Also serving the communities of De Luz, Rainbow, Camp Pendleton, Pala and Pauma

Planning commission recommends general plan amendments, rezones

Joe Naiman

Village News Correspondent

Two Bonsall parcels and two Pala parcels will likely have land use and zoning changes in the most recent proposed updates to the county’s general plan.

A hearing, Oct. 6, of the county’s planning commission included a 5-0 vote, with Doug Barnhart and David Pallinger absent, to recommend the general plan amendments and rezones. The San Diego County Board of Supervisors must approve any general plan amendment or rezone, and the county’s Department of Planning and Development Services has targeted a timeframe of late fall for the board of supervisors hearing.

The Bonsall parcels are planned to be part of the future San Luis Rey River Park, and the Pala property was determined to be on private land rather than on the Pala Indian Reservation.

The board of supervisors approved an update to the county’s general plan in August 2011. The initial general plan update was a multi-year process with much of the analysis occurring on a macro scale. It was expected that oversights requiring correction would be found, and the county supervisors directed county staff to develop a “cleanup” in the form of a general plan amendment every two years. The update direction also anticipated the need to clarify or revise policies or definitions in the general plan or community plans and to provide a process to handle changes in circumstances including changes in state law or ownership changes from private to public. The updates also accommodate minor community planning group or community sponsor group requests.

A 6.44-acre parcel on the north side of Camino Del Rey between state Route 76 and Old River Road would be changed from rural lands with one dwelling unit per 40 acres to open space for recreation, and the zoning would be changed from limited agriculture to open space. A 6.0-acre parcel on the west side of Old River Road immediately north of Little Gopher Canyon Road would be changed from rural lands with one dwelling unit per 40 acres to open space for conservation with the zoning changed the same as the other parcel. Both parcels have been acquired by the county’s Department of Parks and Recreation and are now in the plans for the San Luis Rey River Park.

Open space zoning is intended for recreation areas or areas with severe environmental constraints. The zoning allows for structures such as restrooms, storage buildings and pavilions, if a site plan addresses the impacts of the structures. County-owned parks are exempt from the zoning ordinance, so the Department of Parks and Recreation will not need the planning commission’s approval or the board of supervisors’ approval for a site plan.

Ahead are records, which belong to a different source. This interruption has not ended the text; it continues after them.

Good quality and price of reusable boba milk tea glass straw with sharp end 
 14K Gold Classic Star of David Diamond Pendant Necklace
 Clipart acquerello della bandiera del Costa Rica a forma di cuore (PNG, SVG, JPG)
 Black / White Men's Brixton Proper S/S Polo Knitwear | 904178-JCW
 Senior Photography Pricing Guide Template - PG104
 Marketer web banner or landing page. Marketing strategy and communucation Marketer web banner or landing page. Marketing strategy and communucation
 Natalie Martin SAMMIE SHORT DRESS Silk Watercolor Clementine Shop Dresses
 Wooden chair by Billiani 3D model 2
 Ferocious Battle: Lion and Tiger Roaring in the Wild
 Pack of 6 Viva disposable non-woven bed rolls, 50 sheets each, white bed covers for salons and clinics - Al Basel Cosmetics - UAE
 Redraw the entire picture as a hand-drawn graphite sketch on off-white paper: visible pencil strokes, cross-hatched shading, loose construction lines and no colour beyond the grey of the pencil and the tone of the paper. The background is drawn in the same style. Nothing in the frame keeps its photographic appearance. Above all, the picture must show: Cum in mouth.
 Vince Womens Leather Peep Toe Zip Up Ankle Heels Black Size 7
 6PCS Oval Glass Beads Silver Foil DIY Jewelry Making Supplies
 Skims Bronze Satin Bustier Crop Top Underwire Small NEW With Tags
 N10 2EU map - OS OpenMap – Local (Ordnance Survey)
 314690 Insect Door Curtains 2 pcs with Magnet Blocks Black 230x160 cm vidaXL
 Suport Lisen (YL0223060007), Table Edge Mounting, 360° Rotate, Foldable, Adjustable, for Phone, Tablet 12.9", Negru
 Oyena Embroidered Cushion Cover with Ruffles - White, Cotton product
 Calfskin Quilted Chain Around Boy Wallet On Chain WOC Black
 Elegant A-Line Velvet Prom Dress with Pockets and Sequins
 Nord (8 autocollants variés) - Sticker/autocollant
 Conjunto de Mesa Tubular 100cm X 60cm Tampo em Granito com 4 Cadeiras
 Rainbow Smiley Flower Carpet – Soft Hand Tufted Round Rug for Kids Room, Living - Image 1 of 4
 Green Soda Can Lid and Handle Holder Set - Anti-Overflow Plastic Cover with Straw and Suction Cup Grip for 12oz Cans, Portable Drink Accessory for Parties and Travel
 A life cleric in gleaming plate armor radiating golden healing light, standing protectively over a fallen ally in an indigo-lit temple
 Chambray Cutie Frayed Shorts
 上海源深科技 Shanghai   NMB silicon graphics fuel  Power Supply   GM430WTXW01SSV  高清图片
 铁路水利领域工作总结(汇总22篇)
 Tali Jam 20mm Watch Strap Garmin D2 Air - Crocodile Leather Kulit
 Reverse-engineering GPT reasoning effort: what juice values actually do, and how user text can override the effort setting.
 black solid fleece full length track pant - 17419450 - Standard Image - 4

A mapping error placed two contiguous Pala parcels off Magee Road totaling 80 acres within an Indian reservation, and the cleanup amendments changes the zoning from Indian reservation land to limited agriculture with an eight-acre minimum lot size albeit with the “rural lands with one dwelling unit per 40 acres” land use designation, a G-height designator and a C-setback designator.

A G-height designator allows for a maximum of two stories and a maximum of 35 feet in height. A C-setback designator requires setbacks of 60 feet from the street and 25 feet from the rear of the property, a side yard interior setback of 15 feet from the lot line and a side yard exterior setback of 35 feet from the centerline of a street. The property owned by North American Granite is actually adjacent to the Pala reservation.